Une telle exclusion pourrait forcer les fonds indiciels passifs à vendre entre 2,8 et 8,8 milliards de dollars d’actions. Cette vente massive pèserait directement sur le cours de l’action, comprimant la prime de la NAV de MSTR. Si la prime disparaît ou se transforme en décote, le « flywheel » d’émission d’actions pour acheter des bitcoins s’arrêtera complètement.
Risque 2 : Compression de la prime NAV et arrêt du financement
Toute la logique d’accumulation de MicroStrategy repose sur la volonté du marché de payer une prime supérieure à la valeur nette de ses actifs.
Fin 2025, cette prime s’est révélée extrêmement instable. Début décembre, en raison des craintes d’exclusion des indices, MSTR s’est négociée avec une décote de 11 % par rapport à la valeur de ses bitcoins détenus.

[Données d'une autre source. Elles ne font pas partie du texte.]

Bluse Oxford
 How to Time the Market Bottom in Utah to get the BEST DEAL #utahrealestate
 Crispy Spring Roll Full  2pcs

Lorsque l’action se négocie avec une décote, toute nouvelle levée de fonds par émission d’actions dilue la quantité de bitcoins détenus par action, ce qui oblige la société à cesser d’accumuler des actifs, voire à faire face à des doutes des créanciers sur l’intégrité de ses actifs. MicroStrategy a suspendu pour la première fois son programme ATM en septembre 2025, reflétant la grande sensibilité de la direction à la valorisation.
Risque 3 : Pression de la dette et prix théorique de liquidation
À la fin du troisième trimestre 2025, la dette totale de MicroStrategy s’élevait à environ 8,24 milliards de dollars, avec un paiement d’intérêts annuel d’environ 36,8 millions de dollars, tandis que les dividendes sur actions privilégiées atteignaient 638,7 millions de dollars par an.

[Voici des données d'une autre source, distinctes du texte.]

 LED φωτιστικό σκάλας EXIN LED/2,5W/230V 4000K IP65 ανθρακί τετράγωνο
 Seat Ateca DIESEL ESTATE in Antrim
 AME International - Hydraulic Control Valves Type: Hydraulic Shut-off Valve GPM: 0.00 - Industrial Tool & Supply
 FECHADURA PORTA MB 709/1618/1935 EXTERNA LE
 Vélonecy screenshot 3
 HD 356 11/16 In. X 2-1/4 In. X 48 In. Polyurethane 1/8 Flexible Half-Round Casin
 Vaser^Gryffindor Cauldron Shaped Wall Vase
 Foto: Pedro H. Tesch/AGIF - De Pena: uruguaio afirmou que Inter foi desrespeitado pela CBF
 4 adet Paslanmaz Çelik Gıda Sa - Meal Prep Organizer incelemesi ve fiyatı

Bien que ses obligations convertibles ne comportent pas de clause de nantissement en bitcoins, réduisant ainsi le risque de « liquidation forcée » en cas de chute du marché, une baisse extrême du prix du bitcoin mettrait à l’épreuve la capacité de remboursement de la société.
Résumé
La situation de MicroStrategy fin 2025 illustre de façon vivante les opportunités et défis auxquels une entreprise est confrontée lorsqu’elle tente de redéfinir les frontières de la finance d’entreprise.

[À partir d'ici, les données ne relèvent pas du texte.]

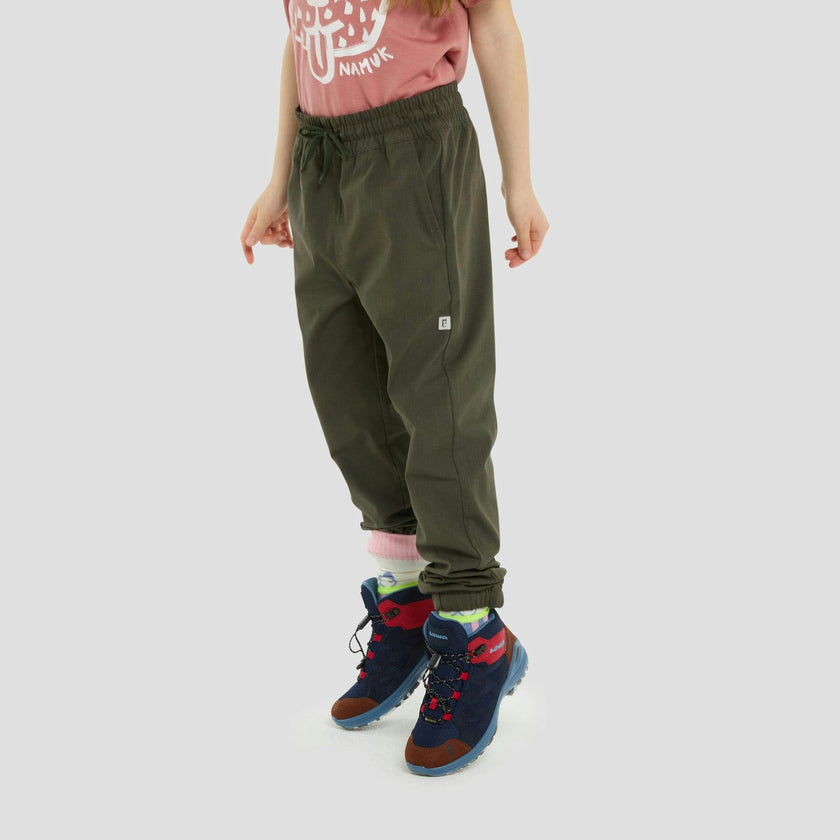 Dash Lightweight Elastic Waist Drawstring Ripstop Pants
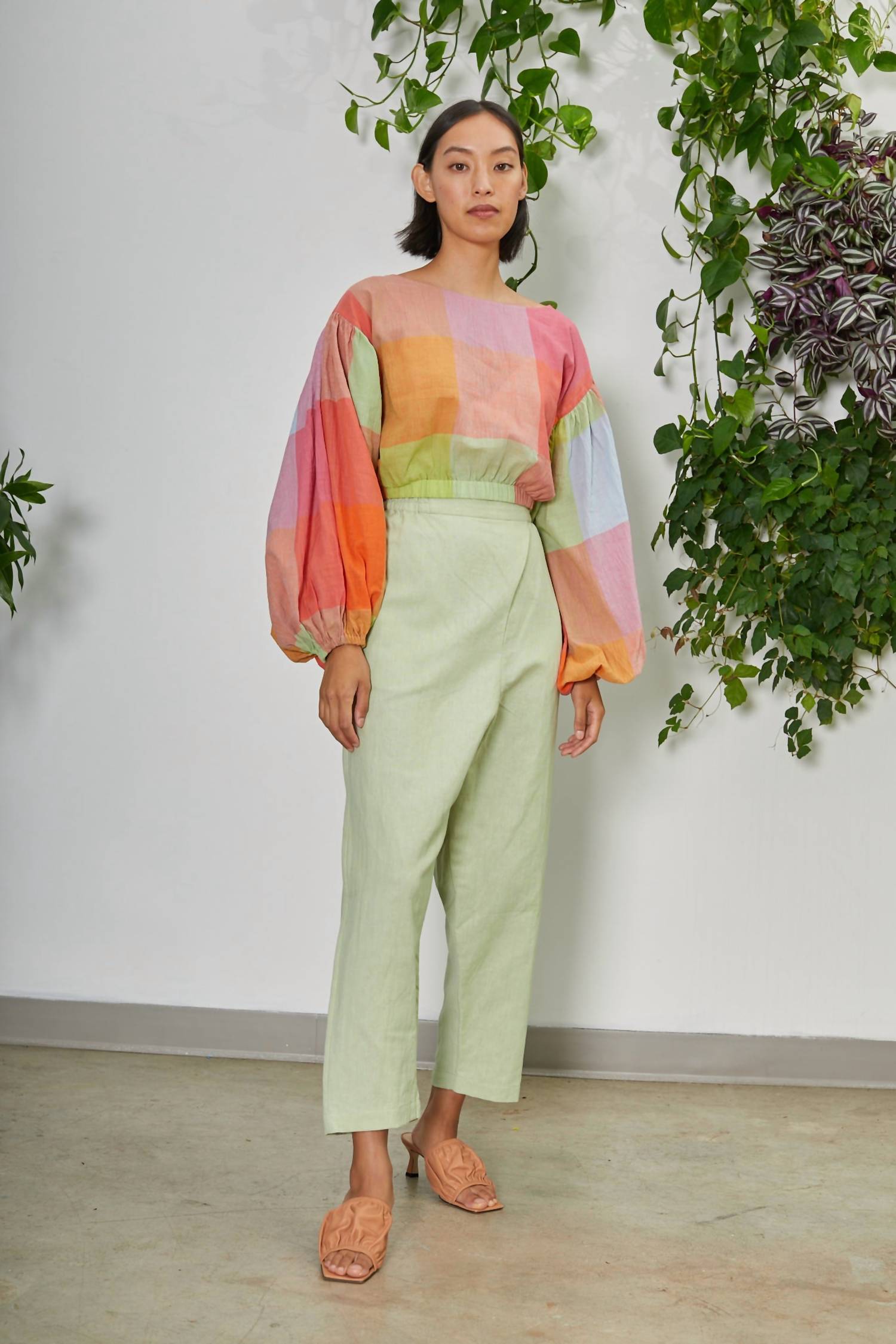 Rujuta Sheth - Sunday Straight Leg Pants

Son intention de continuer à accumuler des bitcoins reste inchangée, et la constitution d’une réserve de 1,44 milliard de dollars lui a permis de bâtir un rempart contre un éventuel hiver de liquidité.
Cependant, le plus grand risque pour MicroStrategy ne vient pas de la volatilité du prix du bitcoin lui-même, mais des points de connexion avec le système financier traditionnel — à savoir, son statut dans les indices et la prime de la NAV.
Si des institutions comme MSCI décident finalement de l’exclure de la catégorie des actions traditionnelles, MicroStrategy devra trouver un moyen de prouver aux investisseurs qu’en tant que « plateforme de financement structuré adossée au bitcoin », elle peut continuer à croître indépendamment des flux passifs liés aux indices.
La poursuite du « plan 42/42 » dépendra de sa capacité à continuer de créer des produits de rendement attractifs pour les investisseurs institutionnels dans le processus de financiarisation du bitcoin, tout en maintenant un minimum de respectabilité financière au sein de la transformation cloud de son activité logicielle.
Il ne s’agit pas seulement de l’expérience d’une seule entreprise, mais d’un microcosme du processus de fusion entre l’industrie crypto et le système financier traditionnel.
Dans ce pari sans précédent, une seule chose est certaine : personne ne connaît la fin de cette histoire.